America’s Culturally Deficiency

Posted: March 20, 2014 in Piano


One thought that haunts me from time to time is the horrible state of music arts in America. This view may surprise you. You may even find it based in unsound logic. Let me share some history with you as it pertains to America’s cultural development.

There are over 6,000 brands of pianos in America. Most of them are names of companies that stopped making pianos years ago.

In 1865, our country was populated with very uncivilized, uneducated and uncultured citizens who could only resolve their differences by killing each other. Texas seceded from the Union in 1861.

By 1900, 5% of the population lived in cities. 95% lived in the country, on farms.

We were not unquestionably considered to be a viable country (by European standards) until the 1930s when we built the Chrysler Building followed by the New York Empire State building. Prior to that we had not distinguished ourselves as a unique civilization.

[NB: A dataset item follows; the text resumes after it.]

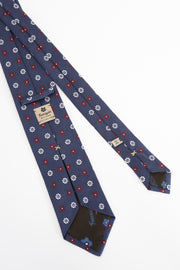 detail of a handmade in italy tie with flower- dettaglio di una cravatta fatta a mano in italia con fiori bianchi e blu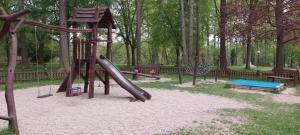 a playground with a slide in a park at Apartman U Parku in Dvůr Králové nad Labem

However, with the Great Depression, our economy and our ability to manage the affairs of our nation were once again drawn into question. In 1932, it is said within the piano industry that over 2,000 piano companies went out of business – overnight. There was no Federal bailout.

It was 100 years after the Civil War that we finally resolved our differences over Civil Rights.

1965 is a mere 49 years behind us, and yet we still have to address racial prejudice and hatred throughout America.

Consider also that your values, and mine, were shaped by our parents and their parents who defended the values of the 20th century.

Consider that in 1965 some parents were arguing for increased funding for education, and that today – 49 years later, our nation is beset by another generation of morons who want to cut funding to education.

Consider how many football stadiums, richly adorned, have been built by school systems in Texas, like so many Towers of Babel, in tribute to what only the barbarians of the Roman Age would consider to be the mark of exemplary virtue and culture.

And yet throughout all these tribulations, American composers wrote some of the world’s most marvelous music. Unfortunately, only 15% of the high schools in America offer a school orchestra program – where aspiring young musicians can gain access to our national heritage of orchestral masterpieces.

Today there are fewer than ten piano companies that manufacture in the U.S.; a tragic chapter in our industrial history that is fairly attributed to management incompetence and greed. The names of the greatest pianos of our past are now just words on decals applied to pianos made in China.

We managed to save Harley-Davidson though.

Within the past ten years, many of our largest professional orchestras have suffered from financial struggles. Attendance is down.

In 2012, Texas Governor Rick Perry “hinted” that Texas might secede again.

Make no mistake about it, America is a nation of proud citizens, but when it comes to the finer arts, the overwhelming majority’s understanding is common and base.  If you are one of the few who do not fall into that classification, do more than thank a teacher; invest your time and your money in the fight to increase funding for the arts in education. Volunteer your time for a local symphony or arts group. Attend more concerts. Employ more musicians for your private parties. Cultivate the arts in your community through participation.

America is still a new country. We have not yet achieved what we set out to do.  As a nation, we get a few things right, but we still have a cultural deficiency when it comes to the arts and education. A nation that is culturally illiterate is not an enlightened nation.  We have come a long way, but we have “miles to go before we sleep”.